_WORK REQUEST_: Among the lines below, copy exactly those from the one with "This is a brand-new" through the one with "Sulfonylureas are CYP2C9", counting both ends.

_INFORMATION PROVIDED_:
════

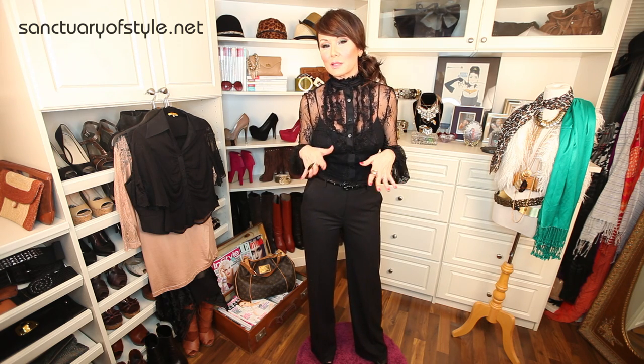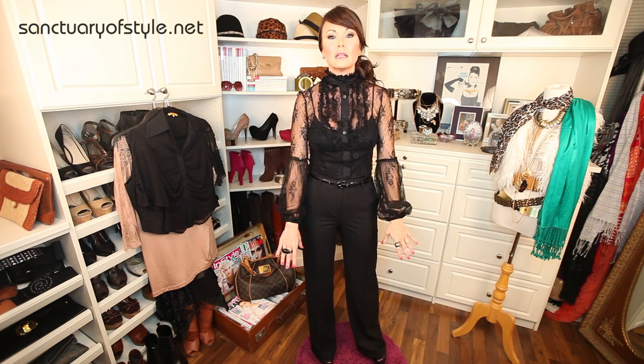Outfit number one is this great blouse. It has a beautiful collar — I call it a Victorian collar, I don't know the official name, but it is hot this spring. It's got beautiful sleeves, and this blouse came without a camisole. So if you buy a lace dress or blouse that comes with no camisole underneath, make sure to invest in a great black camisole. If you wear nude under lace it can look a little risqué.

════

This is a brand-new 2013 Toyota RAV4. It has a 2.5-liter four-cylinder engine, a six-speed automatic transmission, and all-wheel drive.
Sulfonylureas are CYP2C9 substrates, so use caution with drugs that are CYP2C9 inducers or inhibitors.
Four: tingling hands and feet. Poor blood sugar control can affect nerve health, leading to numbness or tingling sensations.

════

_FINISHED TASK_:
This is a brand-new 2013 Toyota RAV4. It has a 2.5-liter four-cylinder engine, a six-speed automatic transmission, and all-wheel drive.
Sulfonylureas are CYP2C9 substrates, so use caution with drugs that are CYP2C9 inducers or inhibitors.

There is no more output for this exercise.